AMONG THE MANY ETHIOPIANS who attained to high power in eastern India was Malik Andeel, possibly the greatest of their number. Born a slave, he ultimately became commander-in-chief of the armies of the rich and potent kingdom of Bengal under the rule of Sultan Futteh Khan, and was later sultan himself.

In the course of a rebellion in 1473 Futteh Khan was killed. The throne was seized by Bareek, chief eunuch, who compelled Malik Andeel to take an oath of allegiance promising that he would never attack him "whilst he was on the throne."

Malik Andeel, however, cherished plans of becoming sultan. Ingratiating himself into the favor of Bareek until he had won his complete confidence and was permitted to come and go in the palace at will, he conspired with Bareek's attendant, another Negro eunuch.

The plan was to get Bareek thoroughly drunk, and when this was achieved, Malik Andeel was called. Malik found the intoxicated Bareek lolling on a chair, not upon the throne, and taking advantage of the occasion he construed this as a condition not covered by his oath, and stabbed the sultan. Bareek, however, was large and powerfully built, and in the rough and tumble fight that followed might have beaten Malik Andeel had not the latter's attendants come to his rescue. Even then they did not know where to strike as the room was pitch dark, the lights having been extinguished in the scuffle, but Malik Andeel:l, who was underneath and covered by the sultan's huge body, ordered them to stab. Bareek was hacked to pieces and Malik Andeel emerged unhurt.

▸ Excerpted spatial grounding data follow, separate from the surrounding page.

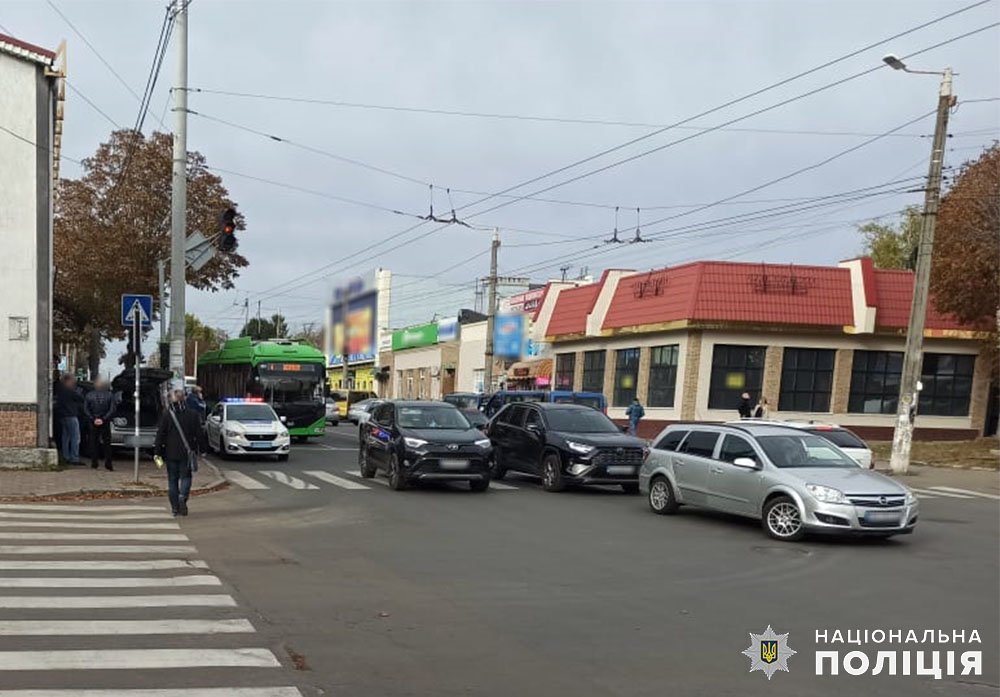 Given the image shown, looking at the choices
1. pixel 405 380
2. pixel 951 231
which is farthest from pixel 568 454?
pixel 405 380

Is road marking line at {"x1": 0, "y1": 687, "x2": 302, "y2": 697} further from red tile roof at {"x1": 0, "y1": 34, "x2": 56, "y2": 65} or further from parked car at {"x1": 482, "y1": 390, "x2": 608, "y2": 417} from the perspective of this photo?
parked car at {"x1": 482, "y1": 390, "x2": 608, "y2": 417}

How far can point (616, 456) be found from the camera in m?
17.0

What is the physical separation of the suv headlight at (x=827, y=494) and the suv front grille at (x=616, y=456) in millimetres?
5566

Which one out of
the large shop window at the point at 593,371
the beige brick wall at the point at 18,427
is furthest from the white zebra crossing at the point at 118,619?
the large shop window at the point at 593,371

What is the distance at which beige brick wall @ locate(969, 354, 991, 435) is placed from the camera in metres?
39.5

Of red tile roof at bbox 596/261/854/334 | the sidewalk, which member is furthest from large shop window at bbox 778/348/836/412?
the sidewalk

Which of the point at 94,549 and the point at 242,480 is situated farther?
the point at 242,480

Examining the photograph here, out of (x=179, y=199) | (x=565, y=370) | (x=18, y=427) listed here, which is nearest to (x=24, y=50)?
(x=179, y=199)

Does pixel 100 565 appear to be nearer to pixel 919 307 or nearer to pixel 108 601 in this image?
pixel 108 601

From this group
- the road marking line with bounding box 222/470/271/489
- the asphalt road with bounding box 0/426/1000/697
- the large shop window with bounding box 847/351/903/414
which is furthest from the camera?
the large shop window with bounding box 847/351/903/414

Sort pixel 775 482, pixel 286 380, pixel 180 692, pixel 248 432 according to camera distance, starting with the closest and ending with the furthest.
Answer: pixel 180 692 < pixel 775 482 < pixel 248 432 < pixel 286 380

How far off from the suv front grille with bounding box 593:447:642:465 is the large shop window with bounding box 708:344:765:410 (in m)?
21.2

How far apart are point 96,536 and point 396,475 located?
6.63m

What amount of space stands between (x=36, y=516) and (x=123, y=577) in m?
4.76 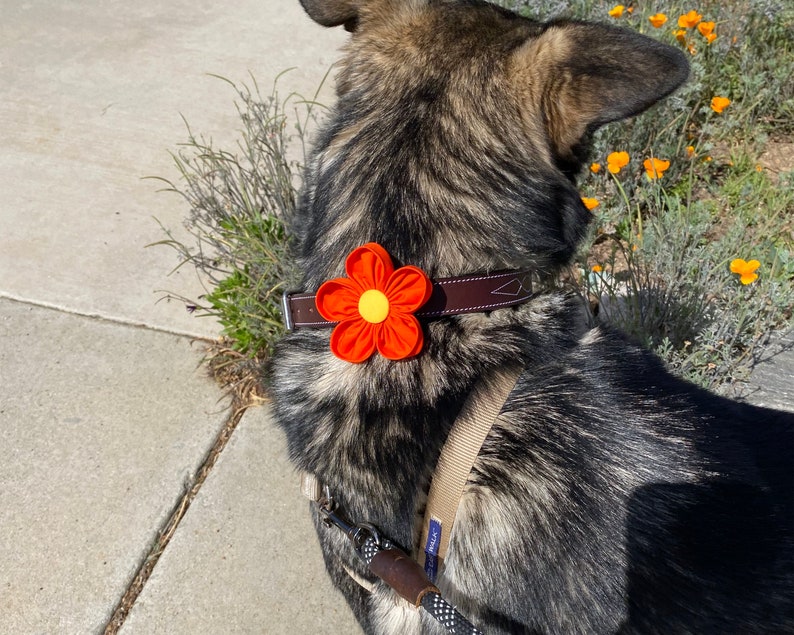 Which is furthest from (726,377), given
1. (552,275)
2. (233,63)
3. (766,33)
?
(233,63)

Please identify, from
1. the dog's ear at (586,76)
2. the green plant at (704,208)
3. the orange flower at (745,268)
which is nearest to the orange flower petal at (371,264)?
the dog's ear at (586,76)

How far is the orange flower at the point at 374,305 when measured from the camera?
150 centimetres

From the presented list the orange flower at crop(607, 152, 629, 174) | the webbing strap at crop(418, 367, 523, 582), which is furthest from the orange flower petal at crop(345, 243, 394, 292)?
the orange flower at crop(607, 152, 629, 174)

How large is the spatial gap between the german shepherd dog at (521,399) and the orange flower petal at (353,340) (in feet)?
0.33

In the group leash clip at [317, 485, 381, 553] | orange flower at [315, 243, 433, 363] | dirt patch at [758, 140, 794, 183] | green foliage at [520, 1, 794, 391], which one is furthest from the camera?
dirt patch at [758, 140, 794, 183]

Malik Andeel was then elected sultan by the people of Bengal with the official title of Feroze Shah. He was an able ruler. His Ethiopian compatriots backed him so effectively that none of the white Turkish or Afghan chiefs dared to rebel against him.

Malik Andeel was noted for his generosity. On one occasion he ordered that a sum of money be distributed among the poor, which his ministers thought to be far too much. To impress this upon him they heaped up the money in a room through which the sultan was bound to pass. Learning of the intent, Malik Andeel said when he saw it, "Is that all? Double it!"

After a peaceful reign of thirteen years Malik Andeel died in 1494. He was succeeded by his son Mdahrratad. The remains of a mosque, a minaret, and a reservoir built by Malik Andeel were still in evidence in 1813, according too Stewart, who commented that Malik Andeel governed with "strict justice and munificent liberality.